- [Assigned task] Reproduce exactly the span of lines beginning at the one with "Недвижимость Квартира на" and ending at the last line of the data below, omitting pictures.
Input data: Begin
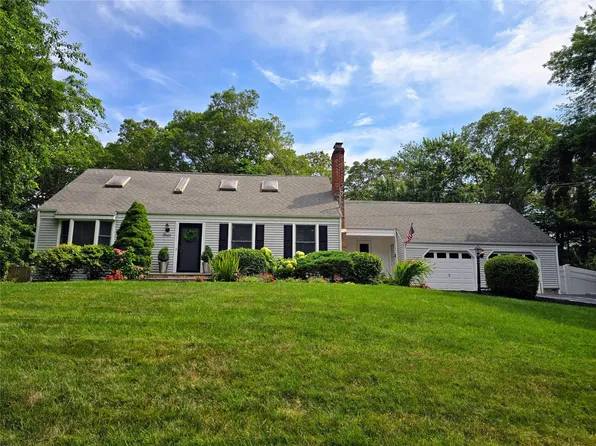 4 Greenway Drive, Middle Island, NY 11953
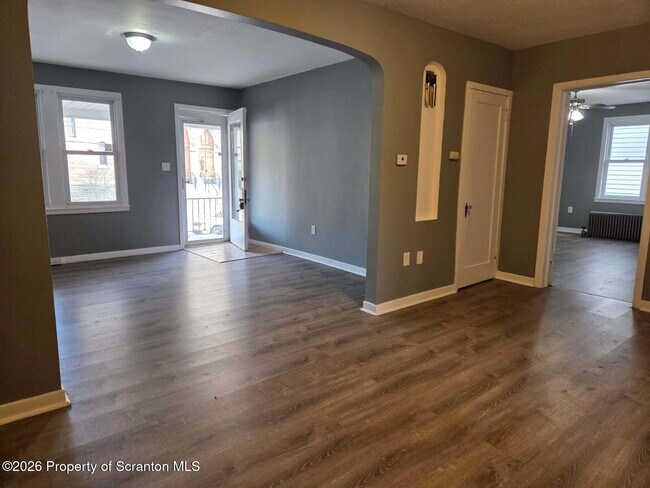 Foto del edificio - 434 Hickory St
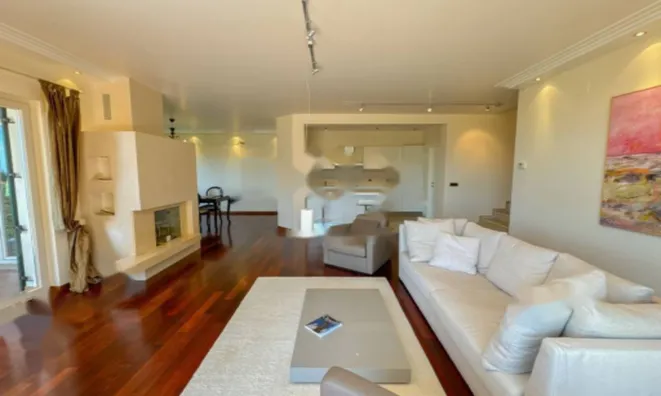 Недвижимость Квартира на первом этаже, Центр, Опатия: 11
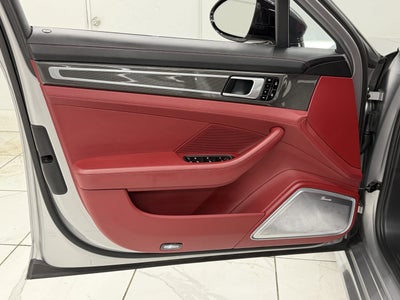 2019 Porsche Panamera Turbo S E-Hybrid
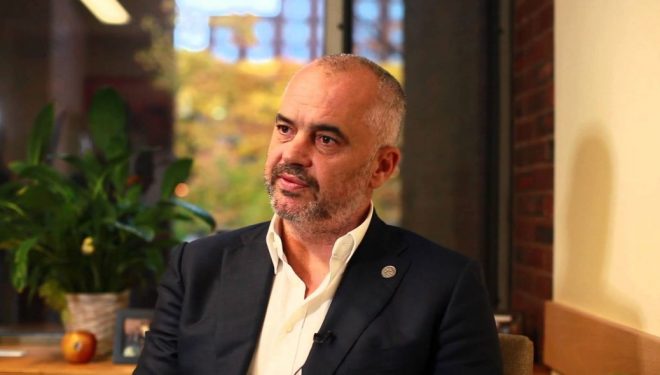 Edi Rama ia ‘trashëgon’ profesionin të birit (Foto)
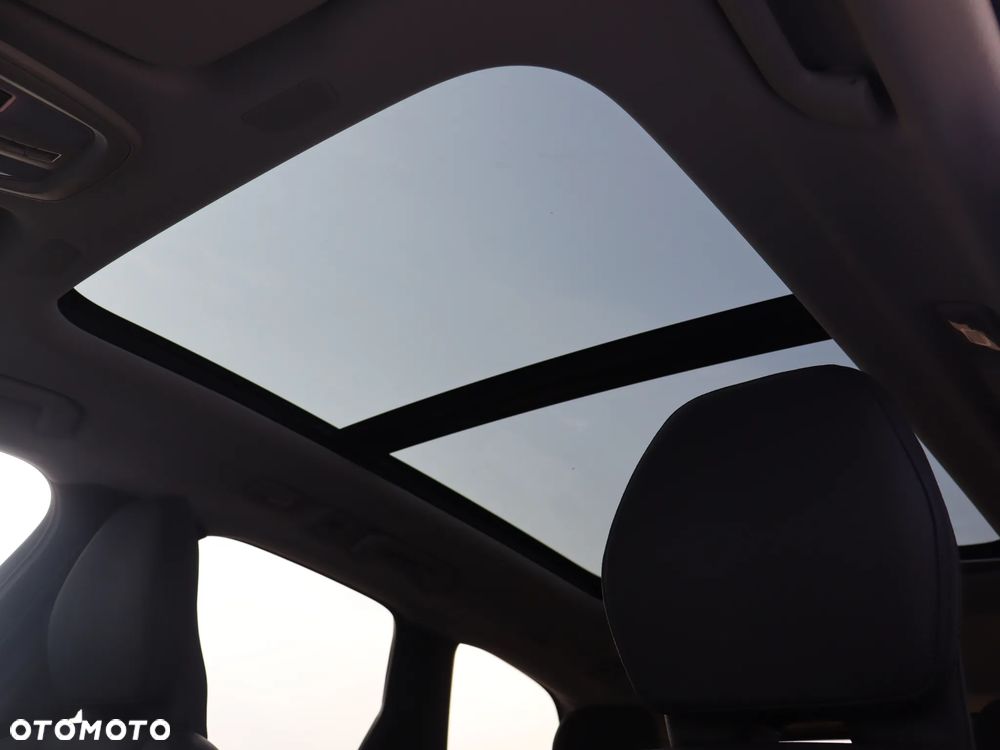 Volvo XC 60 T8 Plug-In Hybrid AWD Ultimate Dark - 22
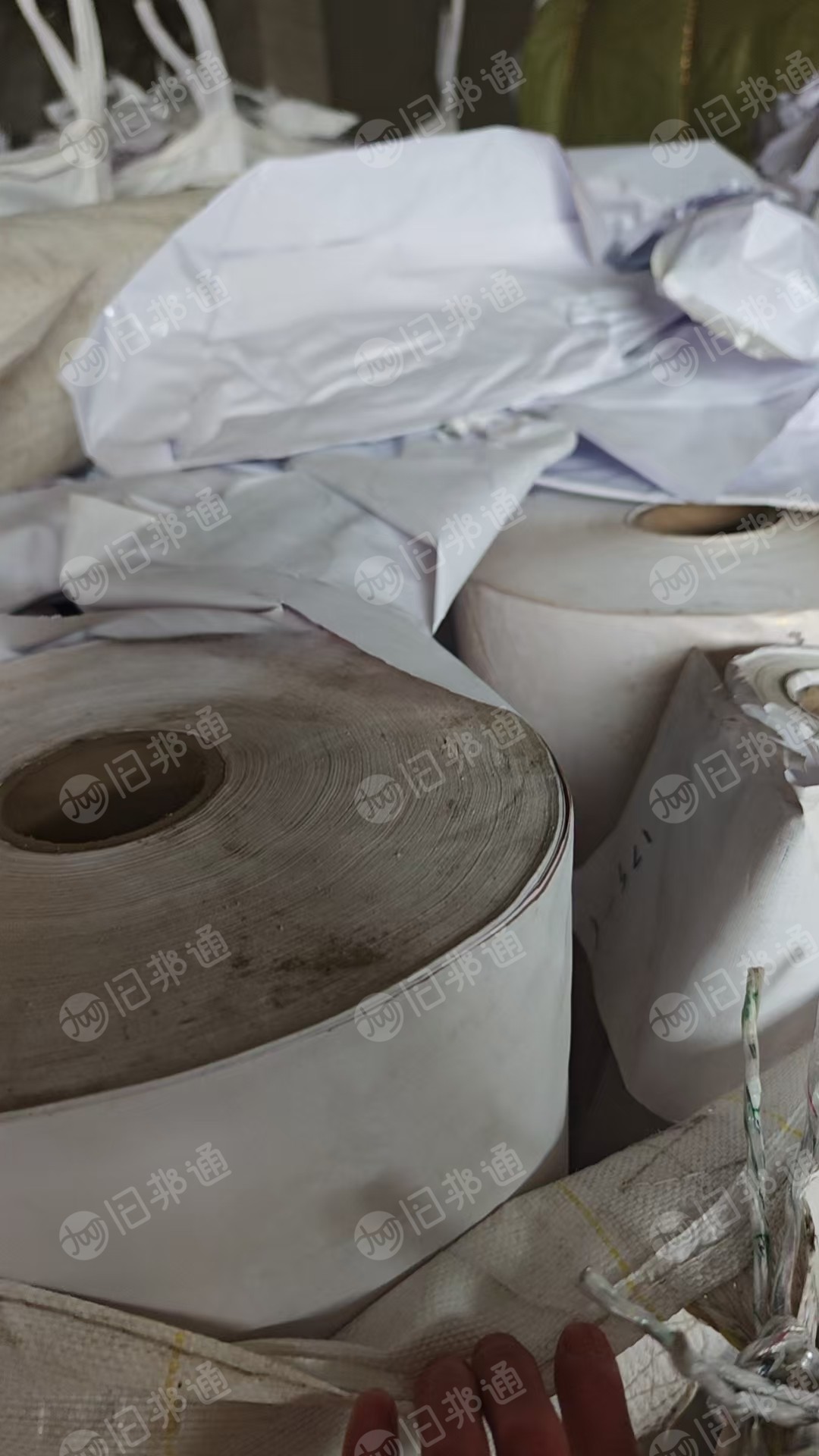 求购PVC热缩膜商标纸废料，PVC墙纸边角料等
Input data: End
- [Exercise output]
 Недвижимость Квартира на первом этаже, Центр, Опатия: 11
 2019 Porsche Panamera Turbo S E-Hybrid
 Edi Rama ia ‘trashëgon’ profesionin të birit (Foto)
 Volvo XC 60 T8 Plug-In Hybrid AWD Ultimate Dark - 22
 求购PVC热缩膜商标纸废料，PVC墙纸边角料等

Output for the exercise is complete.